Paul Brill is an American composer, songwriter, and producer based in Brooklyn, New York. He is a three-time Emmy Award nominee who has scored feature films, television series and NPR Radio Themes, most notably: Joan Rivers: A Piece of Work, The Devil Came on Horseback, The Trials of Darryl Hunt, Freakonomics, Full Battle Rattle, Page One: Inside the New York Times, Better This World, and No Woman, No Cry, among others.

Brill scored the HBO film Burma Soldier, on which he collaborated with Rock legends U2 - composing a new string arrangement for an acoustic version of their classic song, "Walk On." He won the first-ever Best Music Award at the International Documentary Awards (IDA) for his score to "Better This World" and was nominated for a Golden Reel Award for his work on the hit Netflix docu-series, Bobby Kennedy for President.

== Career ==
He recently made his Off-Broadway debut, composing the score for Gabriel Jason Dean's Terminus, which featured stage legend Deirdre O'Connell and premiered to great acclaim at the New York Theatre Workshop, and his music was performed and featured by Phoenix Chamber Music Society in the Spring of 2018.

His additional notable work includes the Sundance Festival-winning films Gideon's Army, Trapped, and Love Free or Die, and the Emmy, DuPont and Peabody Award-winning, 6-hour PBS documentary, Many Rivers to Cross: The African Americans, with noted historian Henry Louis Gates and additional musical contributions from Wynton Marsalis. He scored Abigail Disney's directorial debut, the Emmy Award-winning The Armor of Light, Liz Garbus' Peabody Award-winning HBO documentary A Dangerous Son, and wrote the Theme and incidental music for the Peabody Award-winning NPR Podcast, Believed.

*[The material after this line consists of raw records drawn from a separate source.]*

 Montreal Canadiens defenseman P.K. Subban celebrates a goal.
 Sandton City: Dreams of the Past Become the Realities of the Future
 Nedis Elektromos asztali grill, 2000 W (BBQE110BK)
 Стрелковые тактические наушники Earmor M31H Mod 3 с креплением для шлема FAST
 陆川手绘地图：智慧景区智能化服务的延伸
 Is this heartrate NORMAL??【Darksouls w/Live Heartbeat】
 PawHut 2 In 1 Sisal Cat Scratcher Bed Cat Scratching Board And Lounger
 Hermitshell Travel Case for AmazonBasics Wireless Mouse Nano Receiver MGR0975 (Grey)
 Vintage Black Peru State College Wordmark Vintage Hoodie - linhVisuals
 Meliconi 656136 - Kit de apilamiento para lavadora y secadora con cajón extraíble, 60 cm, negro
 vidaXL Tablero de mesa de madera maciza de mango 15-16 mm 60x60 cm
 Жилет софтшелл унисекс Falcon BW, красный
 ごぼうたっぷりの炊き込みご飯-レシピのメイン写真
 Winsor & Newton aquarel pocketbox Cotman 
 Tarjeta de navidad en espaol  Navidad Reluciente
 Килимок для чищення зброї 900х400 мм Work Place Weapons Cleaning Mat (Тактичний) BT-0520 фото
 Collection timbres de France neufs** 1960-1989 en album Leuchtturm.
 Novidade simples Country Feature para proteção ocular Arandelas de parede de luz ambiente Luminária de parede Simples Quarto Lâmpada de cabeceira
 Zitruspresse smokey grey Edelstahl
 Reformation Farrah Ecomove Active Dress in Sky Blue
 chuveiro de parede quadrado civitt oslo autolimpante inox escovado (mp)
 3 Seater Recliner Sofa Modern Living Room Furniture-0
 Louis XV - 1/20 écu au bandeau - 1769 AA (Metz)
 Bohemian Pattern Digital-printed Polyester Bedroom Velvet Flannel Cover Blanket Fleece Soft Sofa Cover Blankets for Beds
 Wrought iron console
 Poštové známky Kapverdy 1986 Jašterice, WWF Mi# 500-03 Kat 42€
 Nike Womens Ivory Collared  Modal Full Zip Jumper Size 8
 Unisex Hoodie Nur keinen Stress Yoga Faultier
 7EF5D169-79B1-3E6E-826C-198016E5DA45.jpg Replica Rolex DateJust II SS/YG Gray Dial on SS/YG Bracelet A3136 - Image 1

Brill also owns and operates a recording and production studio, Sterling Society Social Club, in Brooklyn, New York.

He is currently developing a new theatrical musical/libretto ballet/operetta/animated film based on his recent release, The Cost of Believing.

== Reviews ==
His recordings of original songwriting have been hailed as "stunning" by Paste magazine and "A testament to the enduring potency of classical pop songwriting," by Pitchfork Media. In addition to composing films and television specials for HBO, Showtime, History, A&E, National Geographic, SundanceTV and MTV, Brill is the ongoing composer for the popular A&E series The First 48, now in its 17th season. In 2001, he founded Scarlet Shame Records, a small record label that has released recordings by The Wingdale Community Singers, The Flying Change, Amber Rubarth and his own records.